Major capital projects have a long tendency of cost overruns and schedule delays, based on abundance of research and historical cost data. Cost estimates, particularly the cost reimbursable and unit price contracts, seemed never right and the cost forecasts always go up. Lump-sum or fixed price contracts are not immune from cost overruns either, even though contractors have swallowed the large portion of “extra costs” the best their contracts could allow (i.e. claims).
There are many attributes to such cost overruns in projects that academia has done profound investigations, and industry practitioners have tried the best to minimize the phenomena. The development of modern project management process has lent a helping hand to better forecast project costs during project execution. However, to large extend, the cost forecasting approaches still stayed in “static and deterministic mode”, not yet adapt to the fast-paced agile management practice, dynamics of project changes and the stochastic nature of cost and schedule behavior.
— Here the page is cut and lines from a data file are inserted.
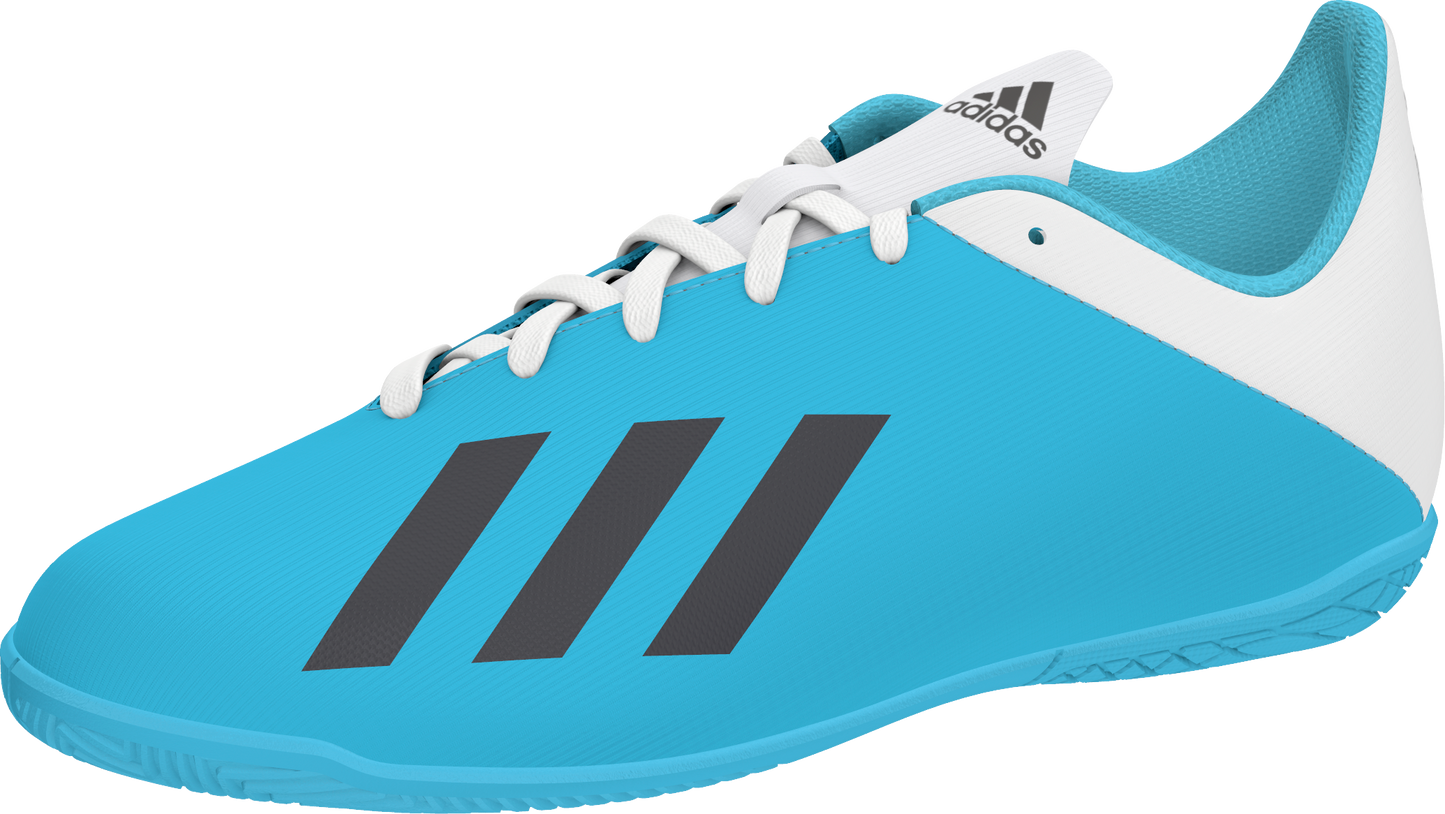 Adidas Fußballschuhe X Tango 19.4 IN Kids - leicht, bequem & optimaler Grip für schnelle Bewegungen auf Hallenböden - machsport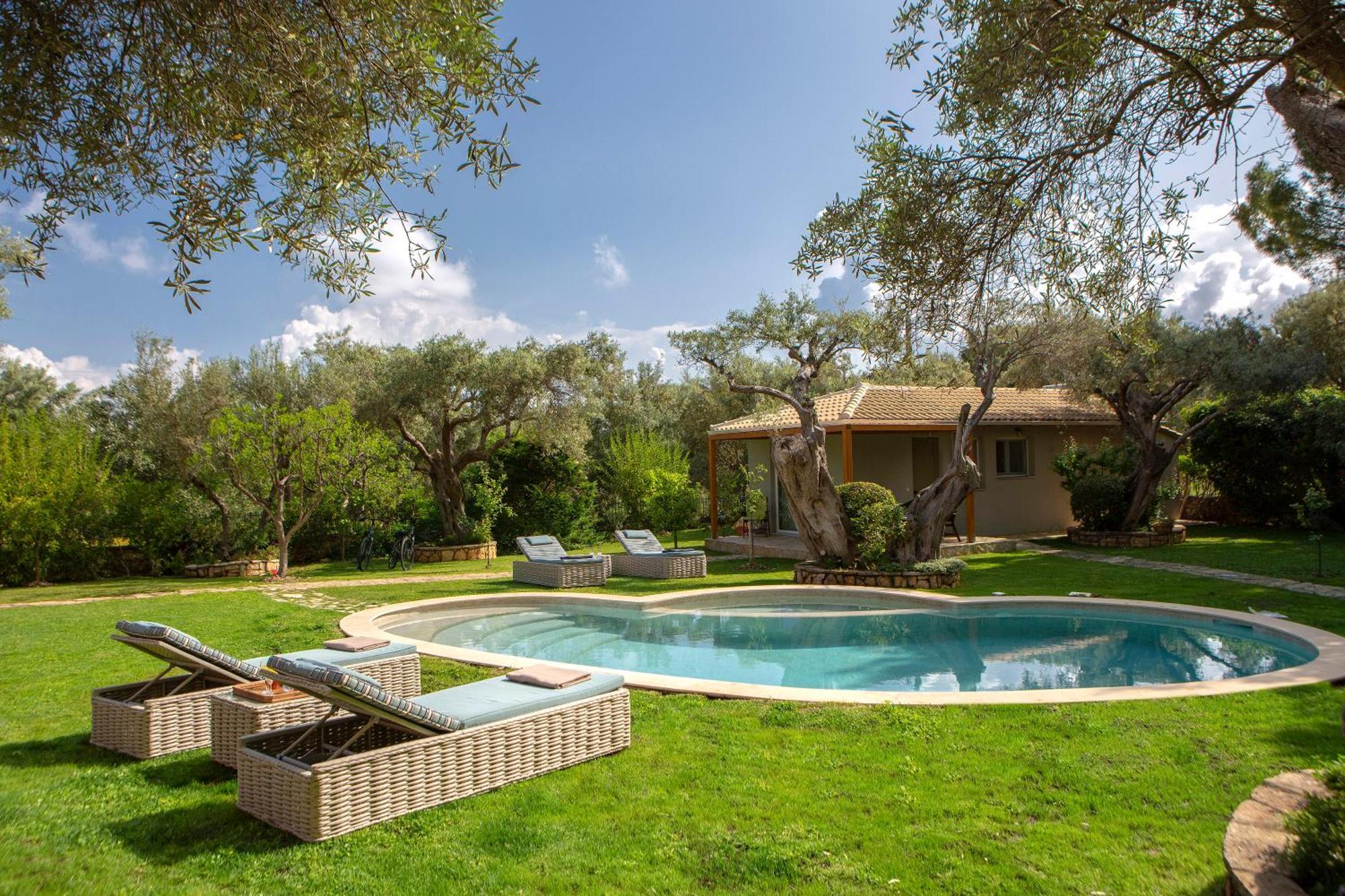 Apolpaina Poly'S Villa Lefkada מראה חיצוני תמונה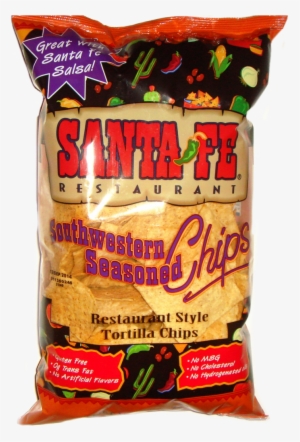 Award Winning, Southwestern Santa Fe Seasoned Chips - Convenience Food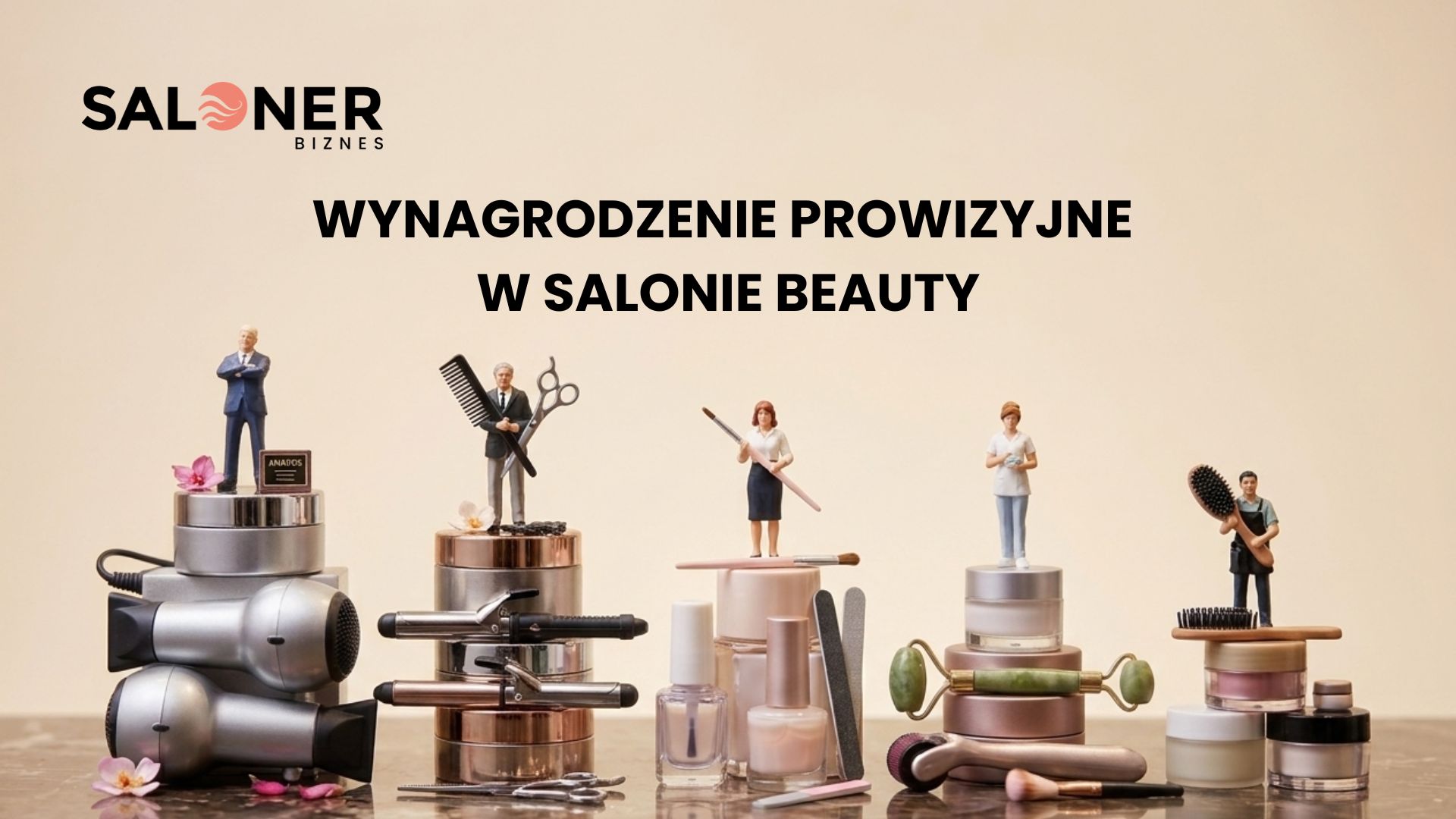 wynagrodzenie prowizyjne w salonie beauty
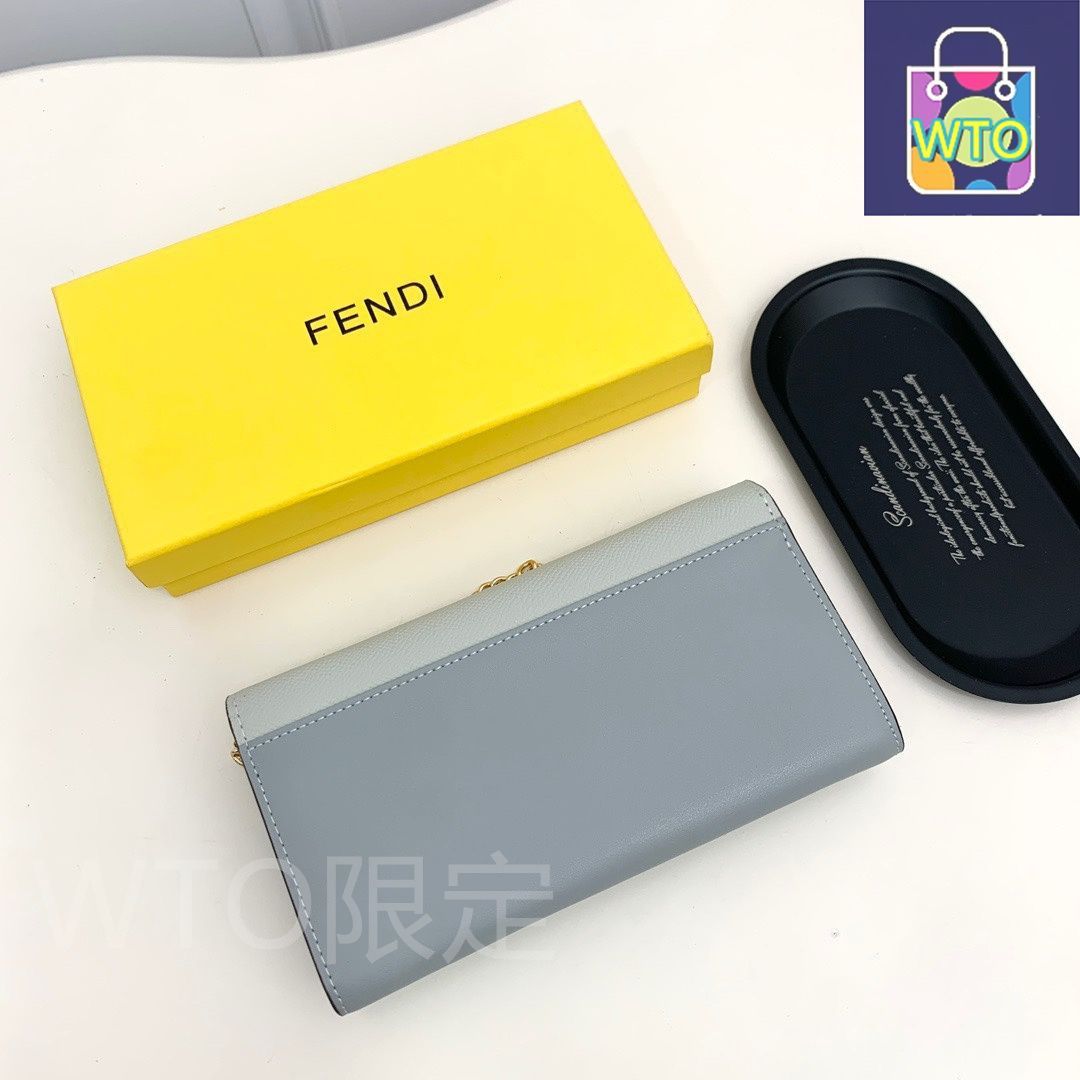 今日WTO】Fendi フェンディ 財布シリーズ 高級輸入レザーに海外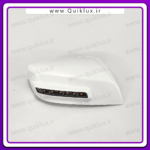 فلاپ آینه راهنما دار NTCO بسته 2 عددی چپ و راست رنگ سفید - Image 2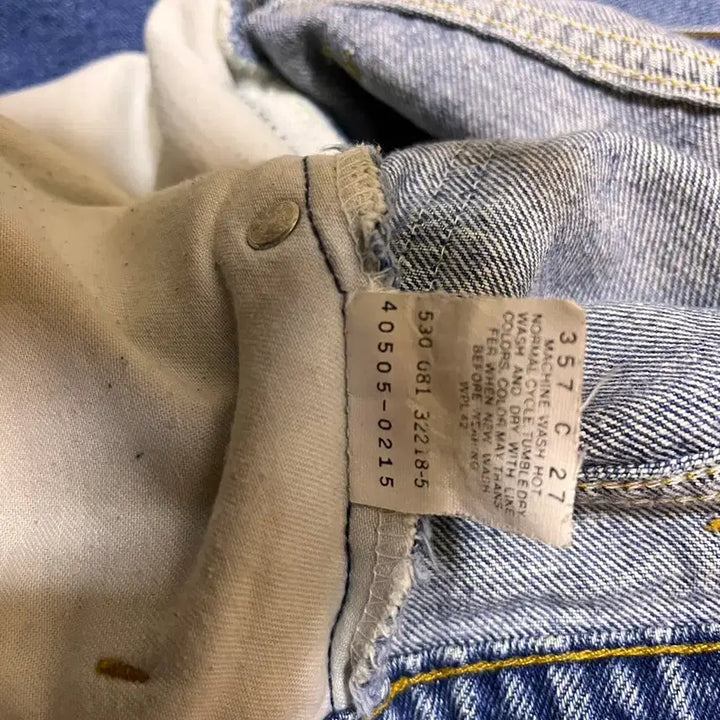 [BUNJANG] Levi's 505 USA Made Jeans / 90s 리바이스 505 usa made 34x32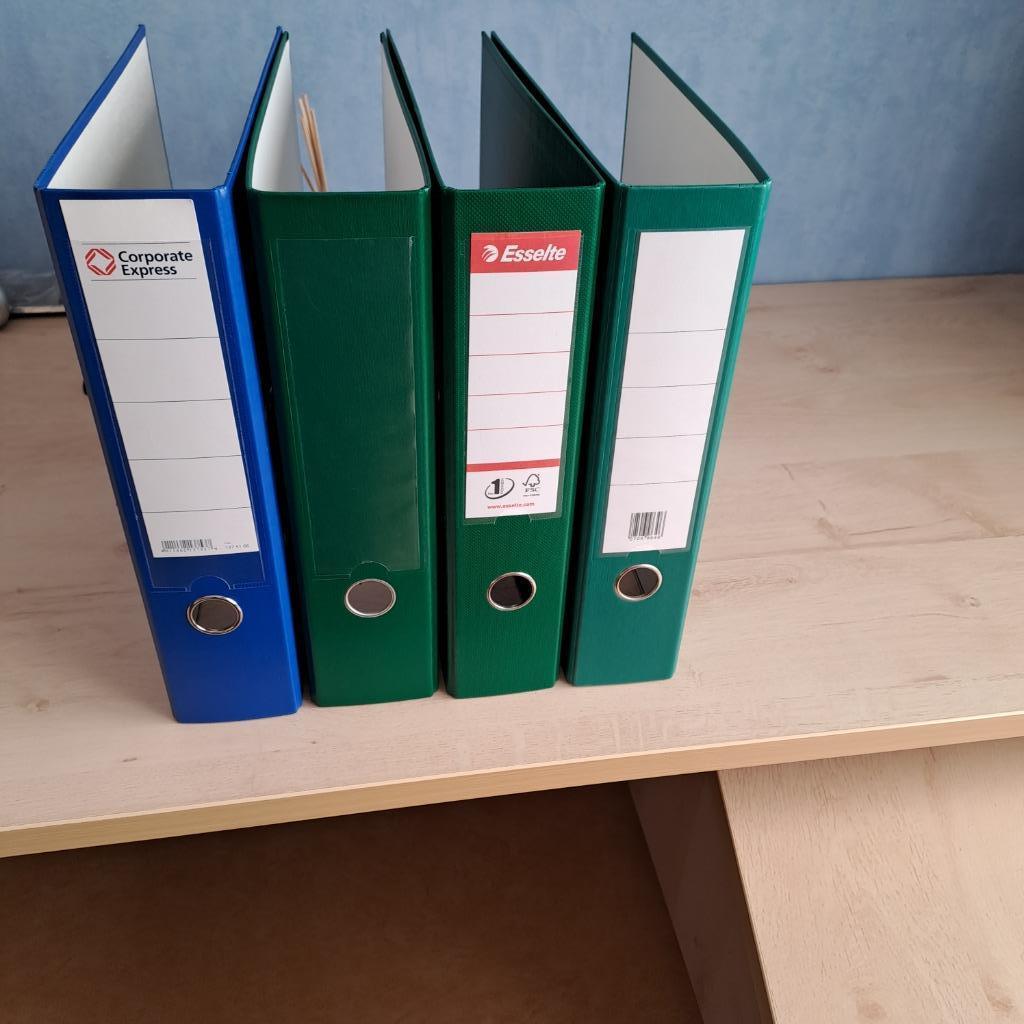 Gros classeurs, Enlèvement ou Envoi, Comme neuf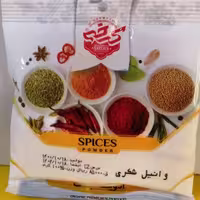 وانیل شکری سلفونی چابدار کرخه(100 گرم)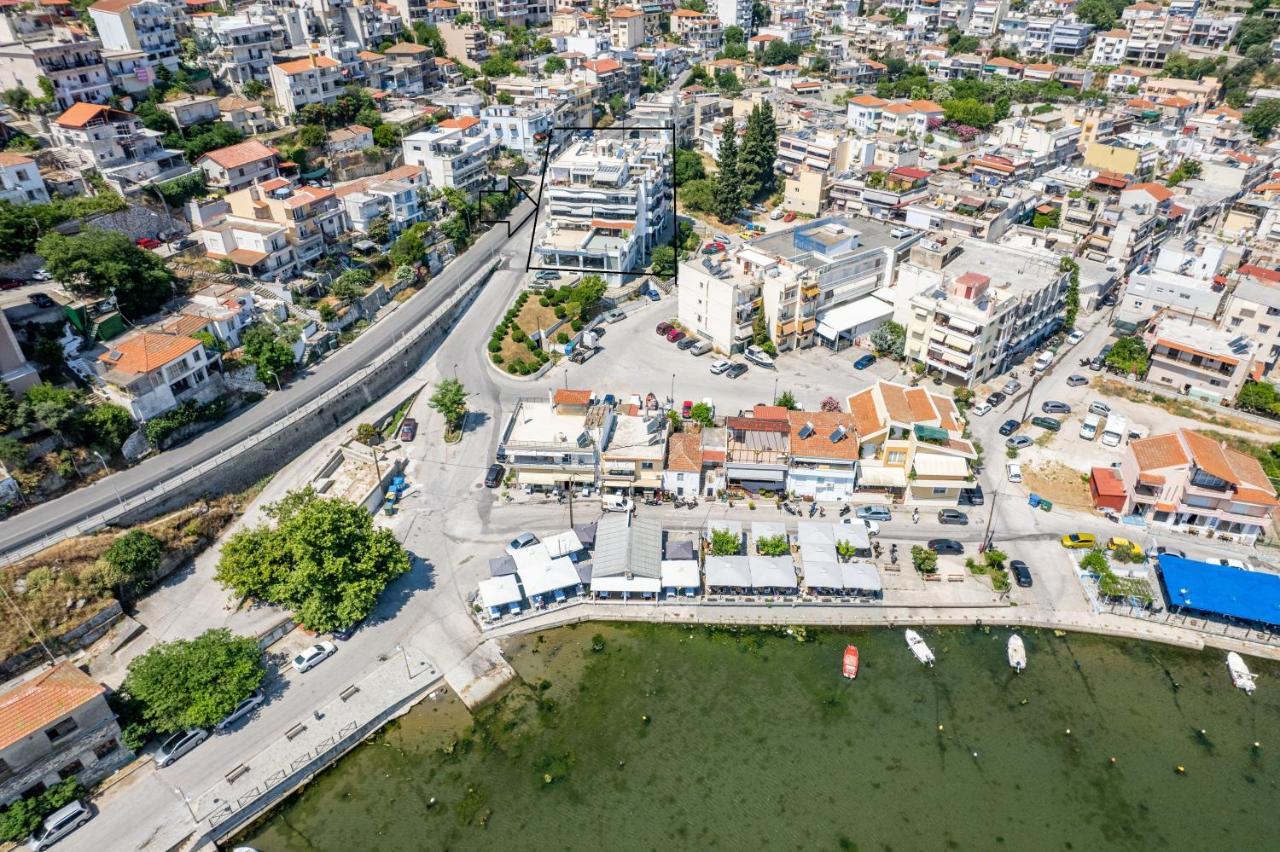 La Dns Apartment Kavala Exteriér fotografie
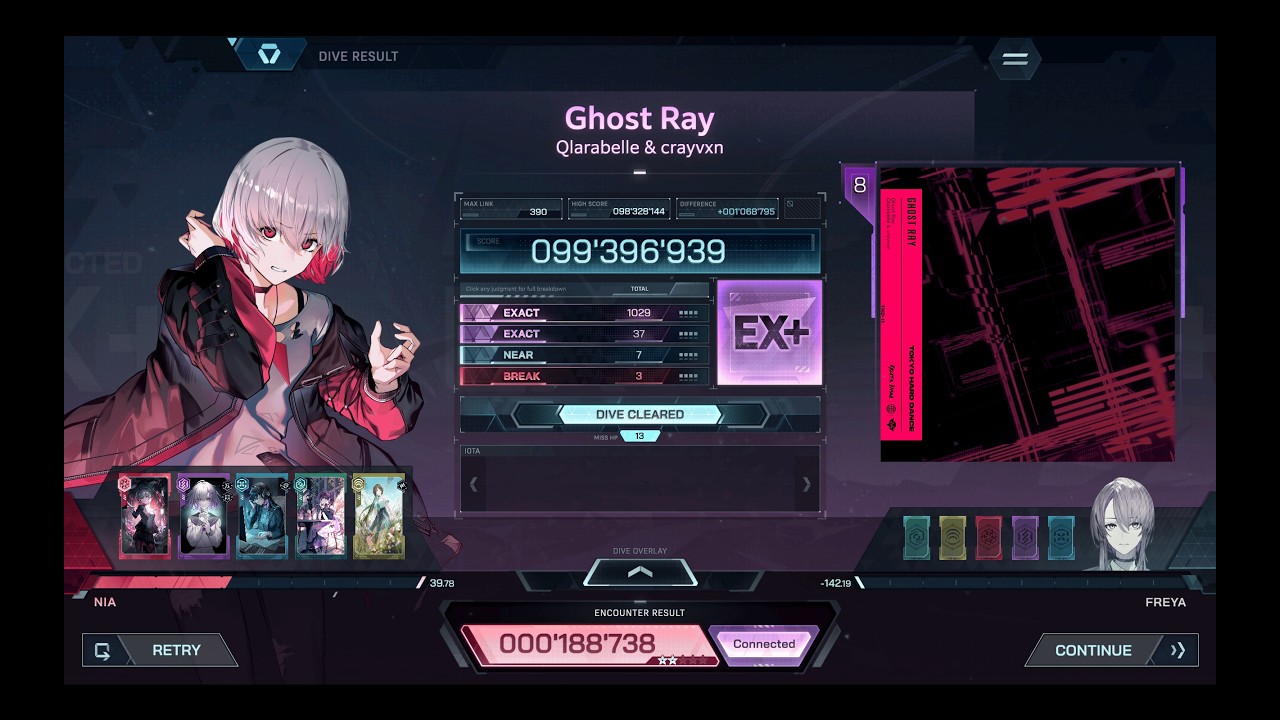 In Falsus - Ghost Ray Ult Ex+
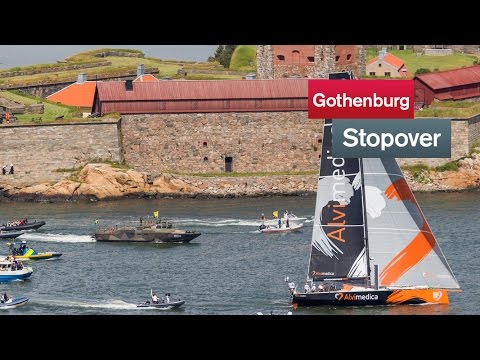 And it ends in Gothenburg | Volvo Ocean Race 2014-15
Traditional “Trending Method” or modernized “Earned Value Method” for cost forecasting are not capable techniques anymore as they can no longer cope with large scale, complex and technology-driven capital projects’ cost performances (by WBS and by CBS).
An alternative approach is proposed to conduct cost forecasts, in addition to the traditional methods, by incorporating the volatility of market pricing (materials and subcontracts), projected performance behavior (productivity) and dynamic and systemic project risk profiling. This is a Monte Carlo simulation based cost forecasting technique, that I am honoured to present at the AACE Chinook dinner conference.